ルカが村を出て大きな街へと働きに行ってしまってから

ずっと探してた。その花を見つけたられたらきっと素直に想いを伝えられそうな気がしたから…


毎日森の中を宛もなく歩きようやく見つけた花。

けれど花は手が届かない崖の下の方に咲いていた…


諦めきれない私はどうしたらいいのもかと悩んだ。


すると、姉が何を悩んでいるのかと聞いてきたので迷ったがつい話してしまった…ずっと姉もルカが好きなんだと思っていたから言うつもりはなかったのに、打開策が欲しくて藁にもすがる思いで相談したのだ。


すると姉はルカの事は好きだが弟のように思ってるだけだと言い、更には魔法薬までプレゼントしてくれたのだ!


今までルカの事もありギクシャクしていた姉との関係を深く反省し今までの謝罪をし、そして感謝した。


姉がくれた魔法薬は何と空を飛べてしまうというとんでもなく凄い物。こんな高価な薬をどうやって入手したのかは疑問だが感謝し少しずつでも姉にお金を返していこうと思った。


ただ、この魔法薬は数分しかもたない。

なので時間をかけれない分かなり危険を伴うのだ。


けれど諦める気はない…必ず花を手に入れルカに届けたい。そして気持ちを伝えたい…


私は崖のギリギリの所に立ち花の位置を再度確認し薬を一気に飲み込んだ。


そして勇気を出して崖から足を一歩踏み出した…





***



何でも父親が重大な犯罪を犯し没落した貴族一家がこの村にやって来るとの噂が日々大した話題もなく退屈していた村人達の間に瞬く間に広がった。
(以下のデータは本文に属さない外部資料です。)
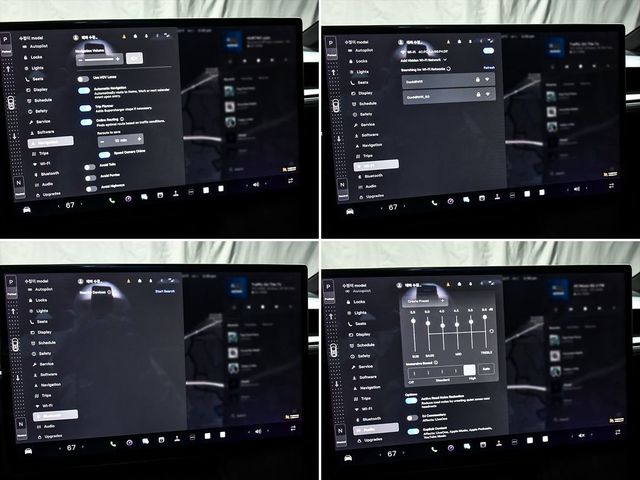 2023 Tesla Model X Standard Range - 22993155 - 31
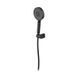 Вбудована душова система із змішувачем Koer KB-64008-05 (Колір чорний) (KR3477) KR3477 фото 10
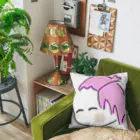 あーとのあーとのかわいすぎるグッズ Cushion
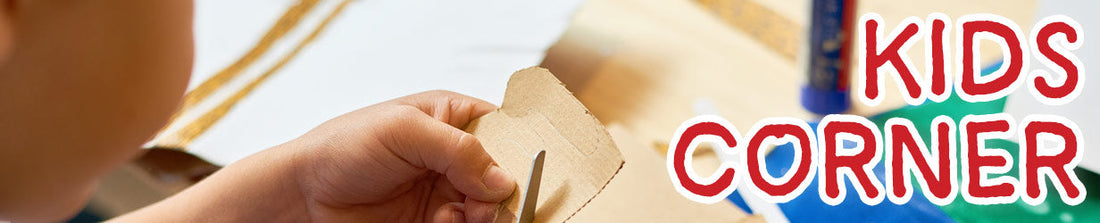 Kids corner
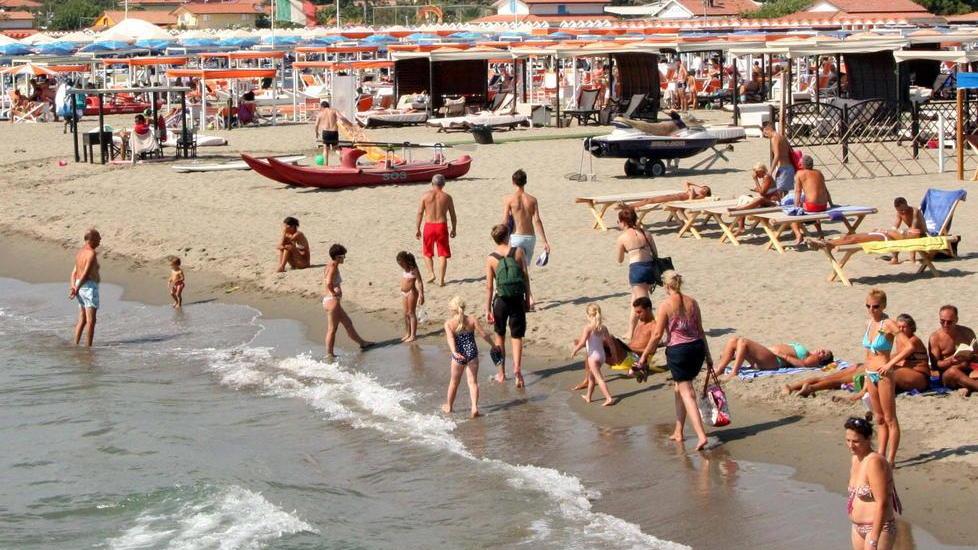 Buratti a colloquio con Renzi su Bolkestein e sicurezza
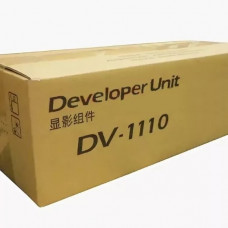Блок проявки Kyocera DV-1110 для FS-1040/1060DN 100 000 стр.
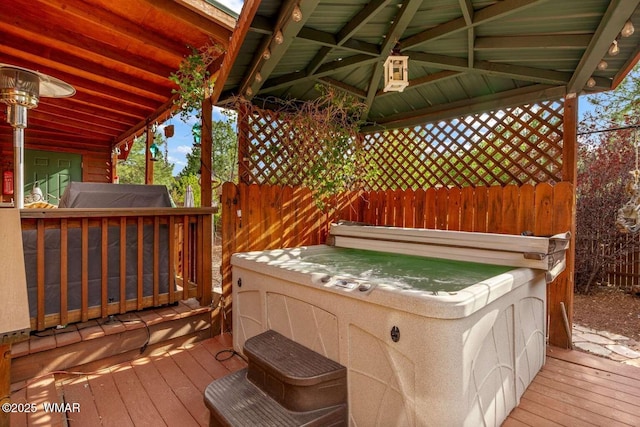 5380 Branding Iron Loop, Pinetop, AZ 85935 - photo 27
真相が真実かわからないが数日後、本当に村に新しい家族がやって来た。


母親と姉、弟の3人だけ、これは噂通りなのかもしれないと暫くの間はその事で持ちきりだった。


しかし朗らかで優しい人柄の母親に可愛らしい子供達はあっという間に村に馴染み皆がそんな噂もあったっけ?くらいになるのも長くはかからなかった。


私はその頃10歳でその家族の弟ルカと同い年だった事もありよく一緒に遊んだ。


第一印象は色白で弱っちいやつ。


この村の子供は皆元気いっぱいで悪ガキみたいなのが多かったせいかルカはとても目立っていた。

白い肌に品の良さも持ち合わせていて何だかムズムズしたが、私はルカの事が嫌いではなかった。


「ねえねえ、これは何て言うの?」

私はルカの家にあった図鑑を見て指差して聞いた


ルカの家には見たこともないような立派な本が沢山置いてあったのでしょっちゅうお邪魔させてもらっていた。


「それはアスターの花だよ」

ルカは字が読めない私に優しく教えてくれる


「アスター?何それ」


「アスターの花は別名星の花とも言うんだよ、とっても不思議な花なんだよ」


ルカはものすごい博識で知りたがりの私の質問に何でも答えてくれた。


「不思議ってなんで?どう不思議なの?」


「満月の夜に1度だけ蕾が開くんだよ。そしてその美しさは星が煌めいたようにキラキラ光ってるんだって」


「えっ!何それ!すごいっ」

そんな花が存在するのね、なんて素敵なの!


「私、いつか絶対探してみせるわ、それでルカにプレゼントする!必ずよ」


「あはは、それは嬉しいなぁ、楽しみにしてるよ」


そして満月の夜に2人で一緒に見れたらいいな…って、これは内緒!


それからもほとんど毎日のように2人で会う日々が続いき、いつの間にかルカのお姉さんのリーシェさんやお母さんのジルさんとも仲良くなり私達一家との家族ぐるみの付き合いも増えていった。


お互いの姉も歳が近かったのかすぐに仲良くなったみたい。


その頃は何も考えずそんな関係が楽しくて仕方なかった。